Exercise inputs —
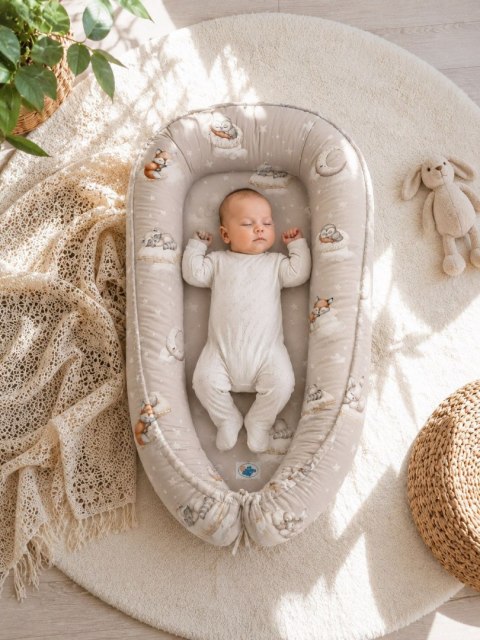 Kokon niemowlęcy dwustronny kojec otulacz Premium MY SWEET BABY- Twinkle Woodland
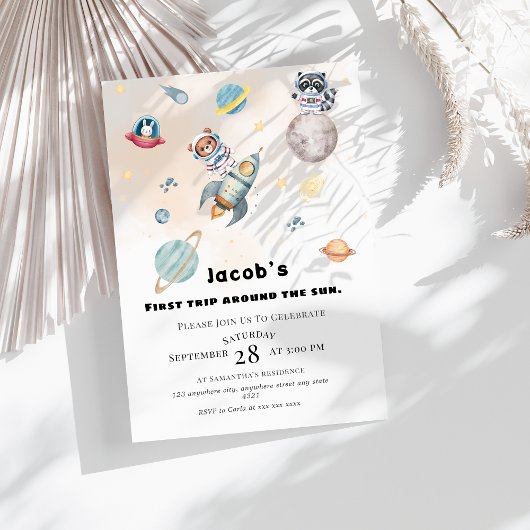 First Trip Around the Sun space Animals Birthday  Kaart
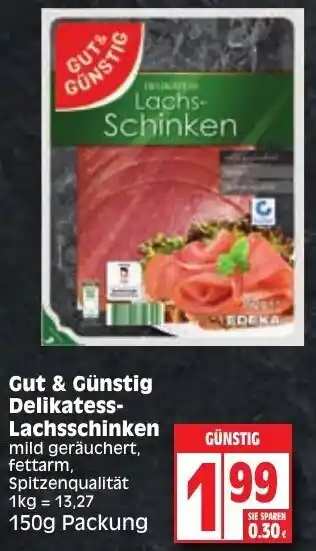 Edeka Gut & Günstig Delikatess Lachsschinken 150g Packung Angebot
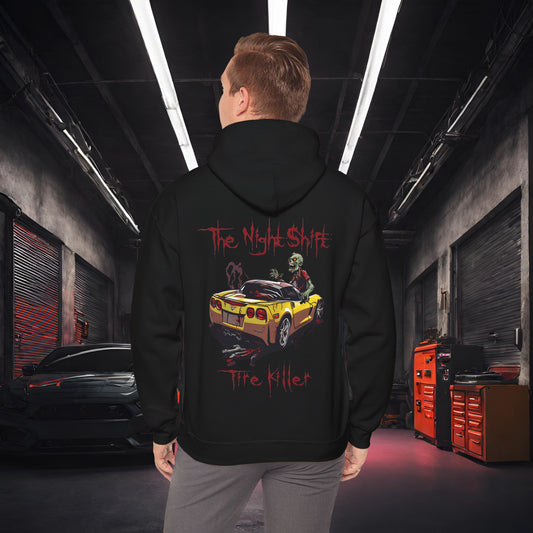 Tire Killer Zombie Corvette-Ultra Soft, Premium Hoodie Black Printify by The Night Shift Automotive Apparel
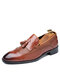 Men Large Size Brogue Tassel Dress Loafers Slip On Business Formal Shoes - Brown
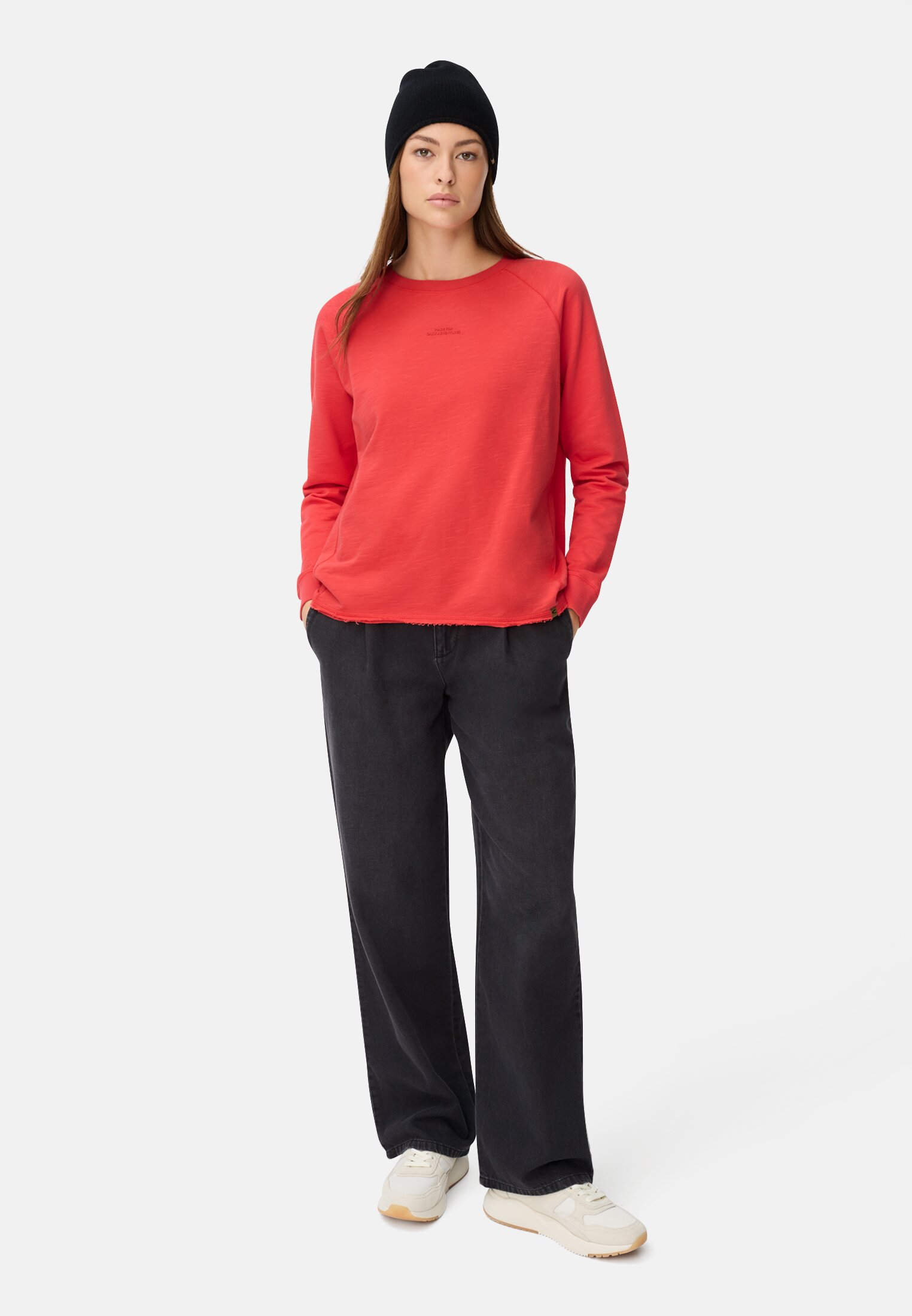 Vrouwen Sweatshirt met raglanmouwen Vlamrood gedragen voor lichaam compleet 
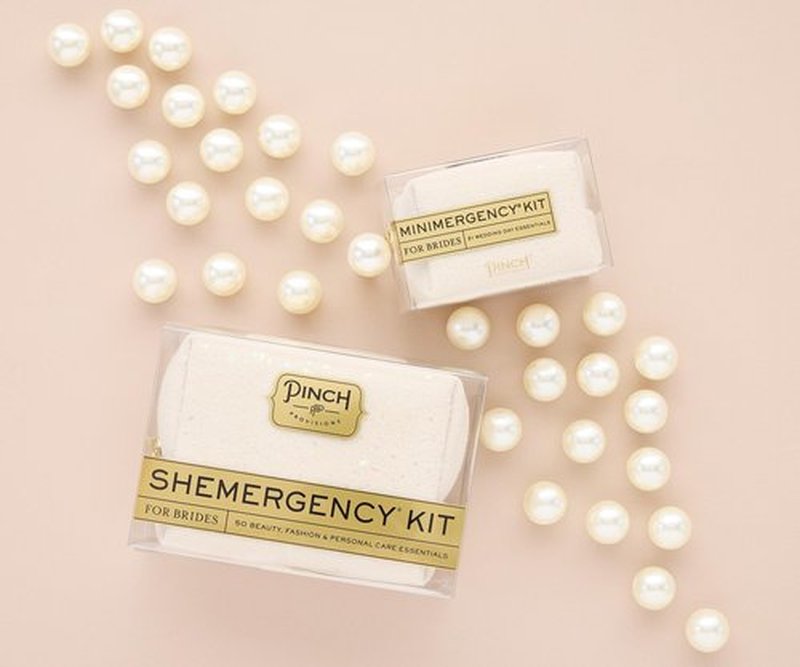 Pinch Provisions Minimergency Kit for Brides, Pearl Ivory, Includes 21 Must-Have Emergency Essential Items for Your Big Wedding Day, Compact, Multi-Functional Zipper Pouch, Perfect Survival Kit Gift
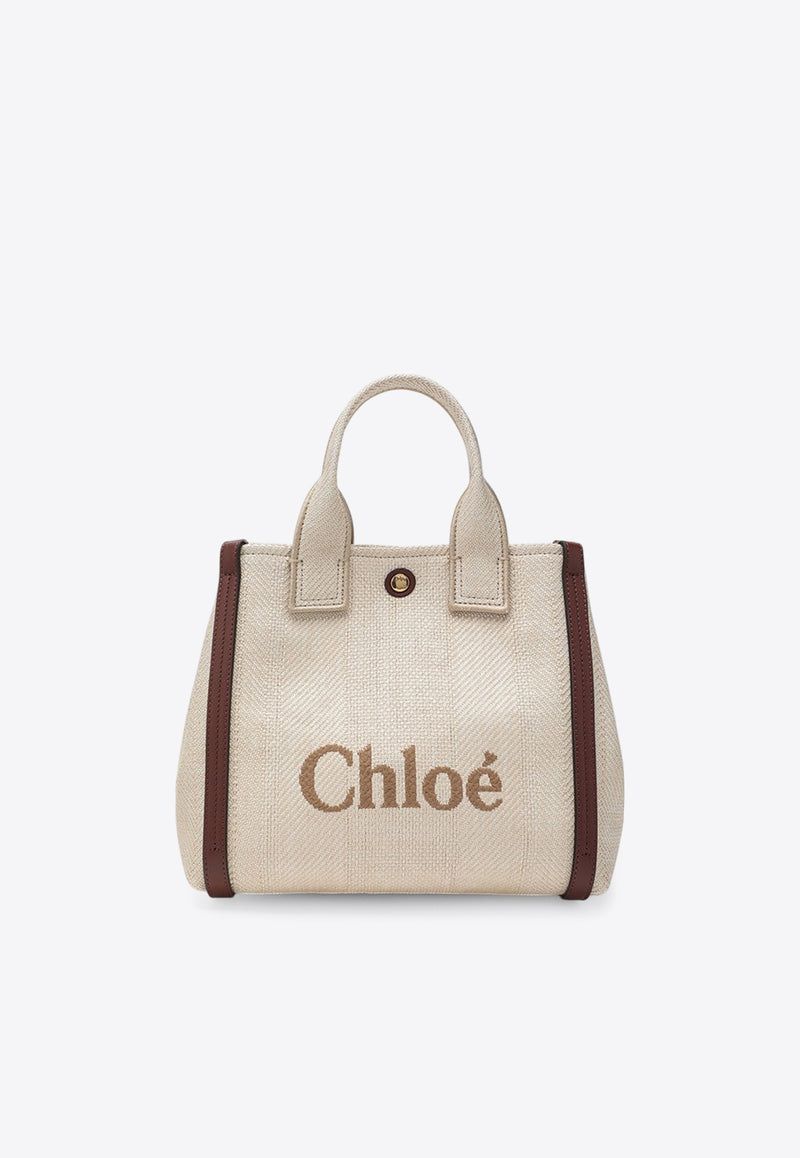Chloé Small Carry Jacquard Canvas Tote Bag Beige CH25US911P19/R_CHLOE-24P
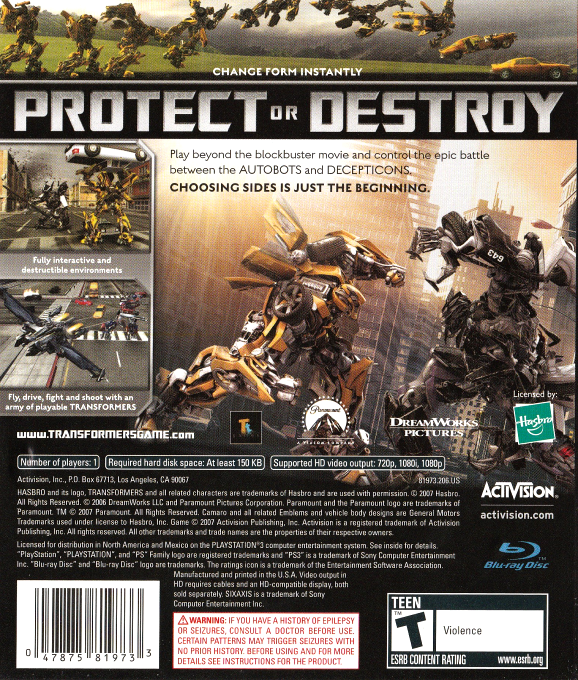 Transformers : Le Jeu - Dos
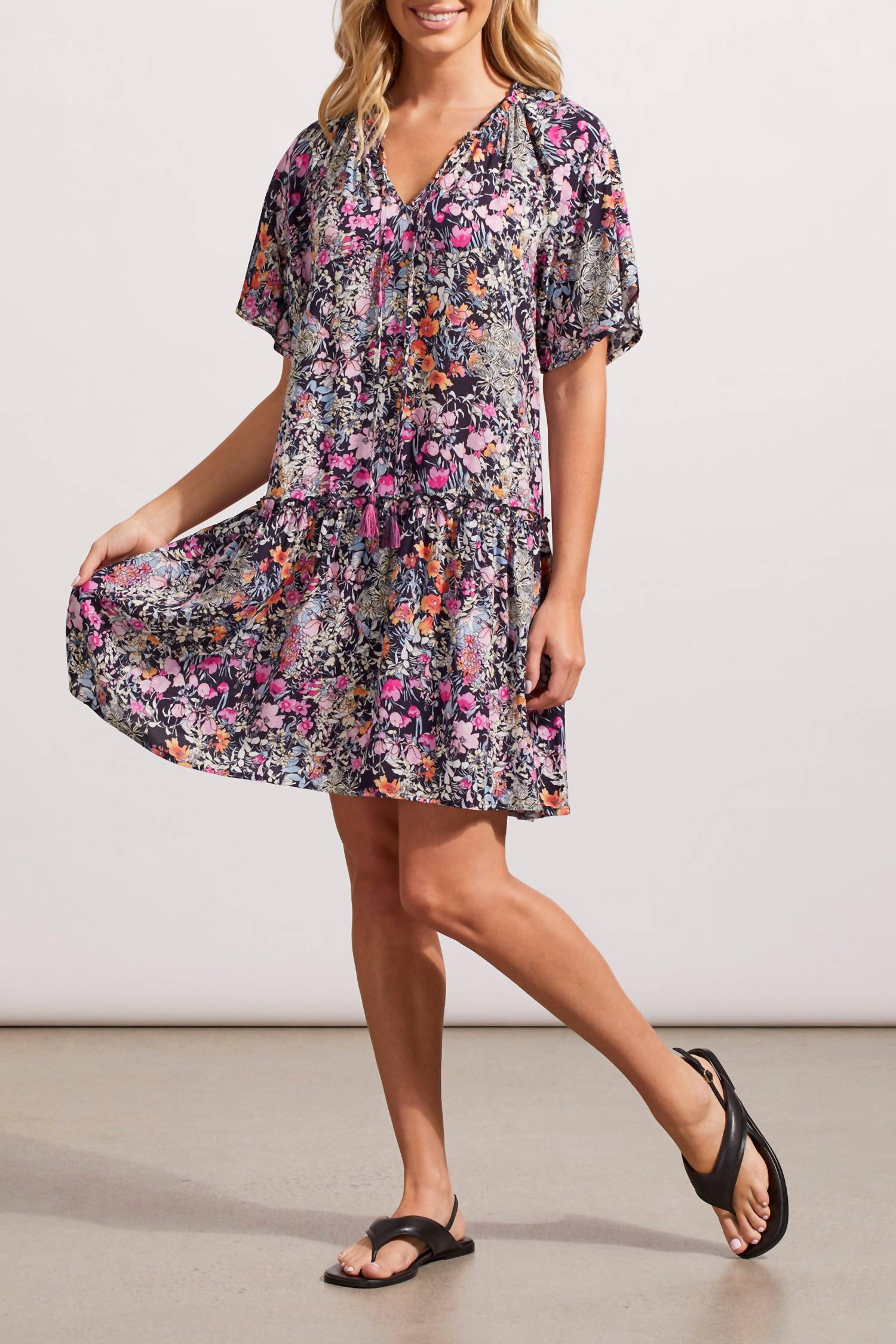 Tribal - Raglan Sleeve V-neck Tiered Dress
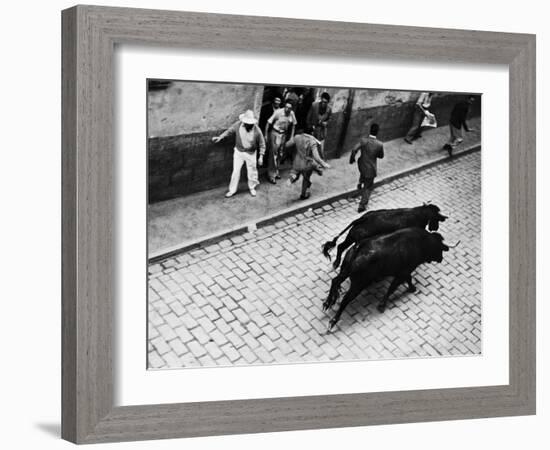 Running of the Bulls for Fiesta of San Ferman-Tony Linck-Framed Photographic Print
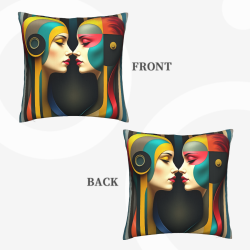 Funda de cojín de peluche abstracto con figura humana - Okomall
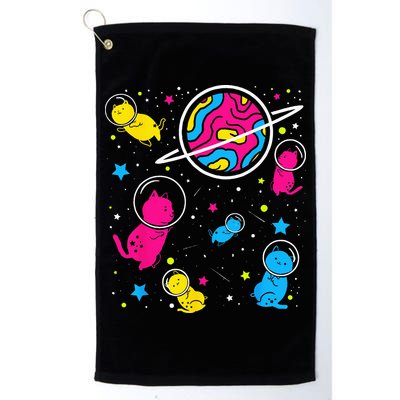 Pan Pride Cat In Space Pansexual Golf Towel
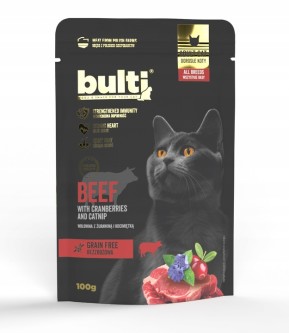 Obrazek dla: Karma mokra dla kota BULTI Superfood wołowina z żurawiną i kocimiętką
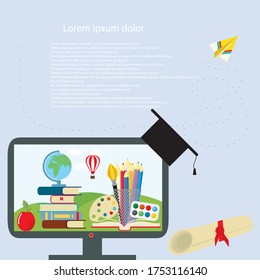 Distance education concept. Stack books on monitor screen. Metaphorical concept of distance learning and online education.Vector illustration with distance education.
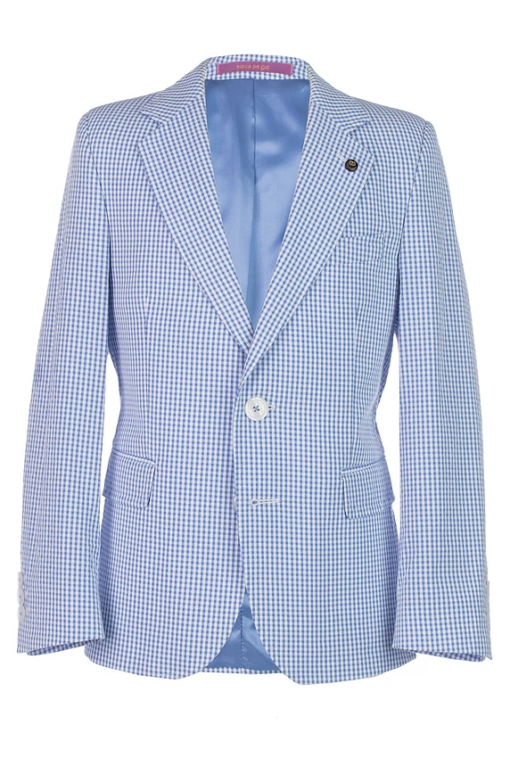 Blazer Risca de Giz Blazer de Fato Xadrez Branco e Azul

What is expected — Print every record above exactly, but no pictures.

Reply —
 Kokon niemowlęcy dwustronny kojec otulacz Premium MY SWEET BABY- Twinkle Woodland
 First Trip Around the Sun space Animals Birthday  Kaart
 Edeka Gut & Günstig Delikatess Lachsschinken 150g Packung Angebot
 Tire Killer Zombie Corvette-Ultra Soft, Premium Hoodie Black Printify by The Night Shift Automotive Apparel
 Men Large Size Brogue Tassel Dress Loafers Slip On Business Formal Shoes - Brown
 Vrouwen Sweatshirt met raglanmouwen Vlamrood gedragen voor lichaam compleet 
 Pinch Provisions Minimergency Kit for Brides, Pearl Ivory, Includes 21 Must-Have Emergency Essential Items for Your Big Wedding Day, Compact, Multi-Functional Zipper Pouch, Perfect Survival Kit Gift
Chloé Small Carry Jacquard Canvas Tote Bag Beige CH25US911P19/R_CHLOE-24P
 Transformers : Le Jeu - Dos
 Tribal - Raglan Sleeve V-neck Tiered Dress
 Running of the Bulls for Fiesta of San Ferman-Tony Linck-Framed Photographic Print
 Funda de cojín de peluche abstracto con figura humana - Okomall
 Pan Pride Cat In Space Pansexual Golf Towel
 Obrazek dla: Karma mokra dla kota BULTI Superfood wołowina z żurawiną i kocimiętką
 Distance education concept. Stack books on monitor screen. Metaphorical concept of distance learning and online education.Vector illustration with distance education.
 Blazer Risca de Giz Blazer de Fato Xadrez Branco e Azul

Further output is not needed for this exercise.